• _Problem to work on_: Word for word, restate the records from their first line through the line with "威九国际网站经常打不开网页", both ends included; omit each picture.
Start of Block
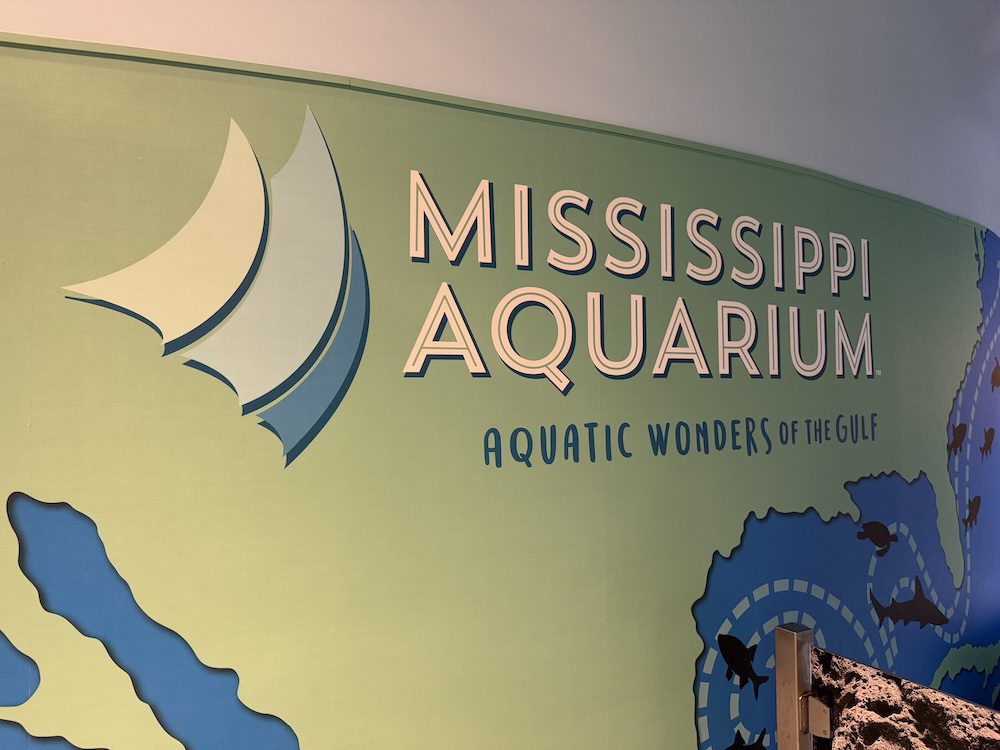 Marine life display at the Mississippi Aquarium on the Mississippi Gulf Coast
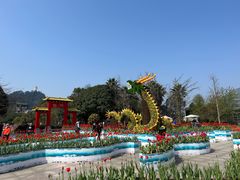 -南山植物园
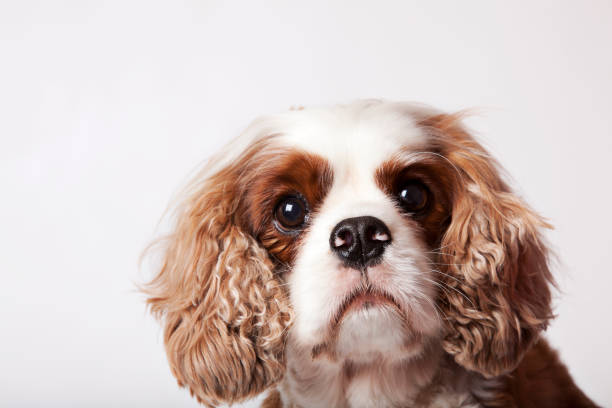 Close-Up Of Puppy Biting Shoelace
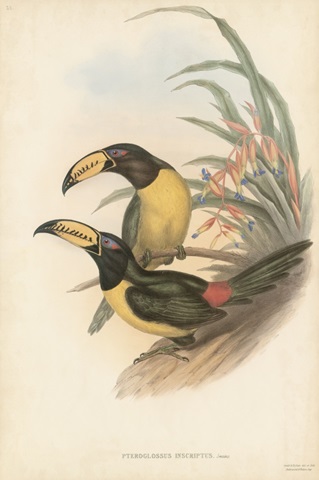 Tropical Toucans IV
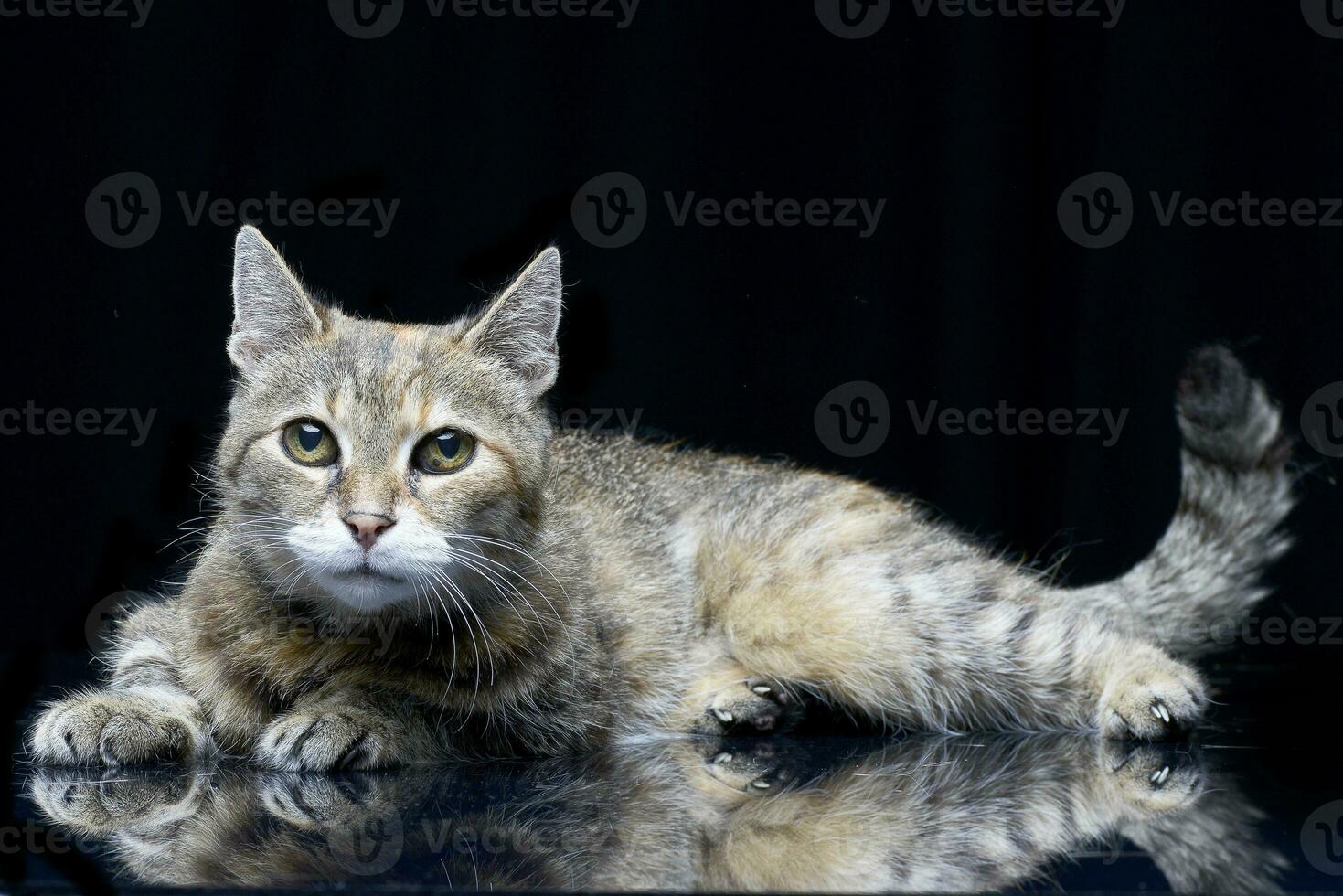 Studio shot of an adorable tabby cat photo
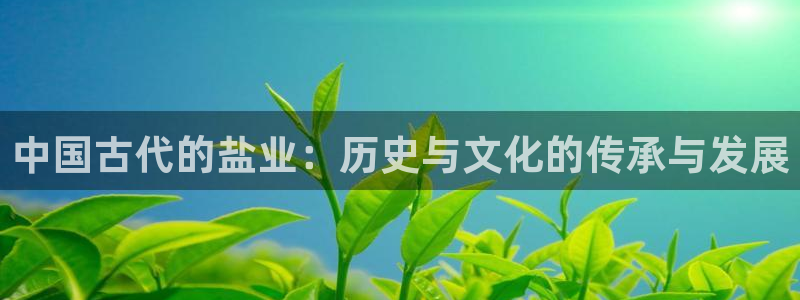 威九国际网站经常打不开网页
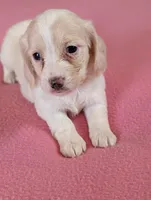 Dapple pie female, a female Miniature Dachshund for sale in Rural Retreat, VA – Photo 4 of 8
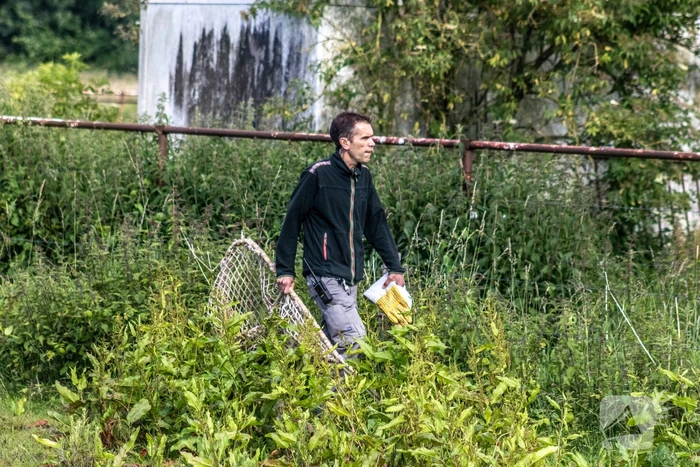 Grote zoektocht naar ontsnapte Serval
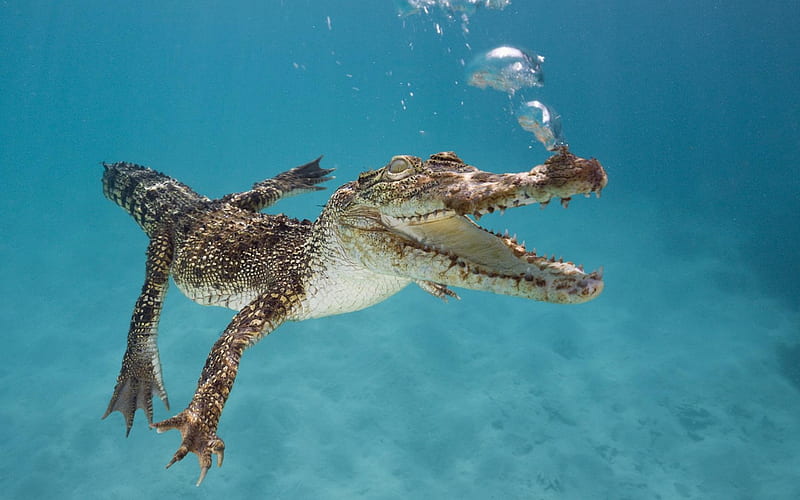 saltwater crocodile-Animal World, HD wallpaper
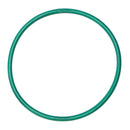 Quantum Fuel Pump Seal Gasket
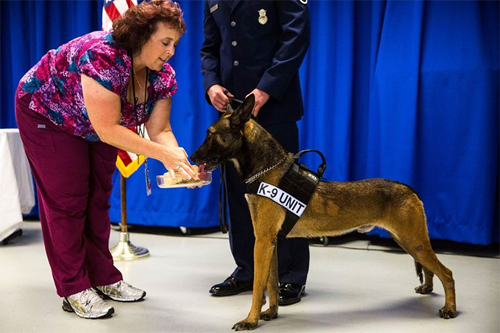 Now retired Military Working Dog Eddie enjoys his peanut butter and banana cake.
End of Block
• _Completed exercise_:
 Marine life display at the Mississippi Aquarium on the Mississippi Gulf Coast
 -南山植物园
 Close-Up Of Puppy Biting Shoelace
 Tropical Toucans IV
 Studio shot of an adorable tabby cat photo
 威九国际网站经常打不开网页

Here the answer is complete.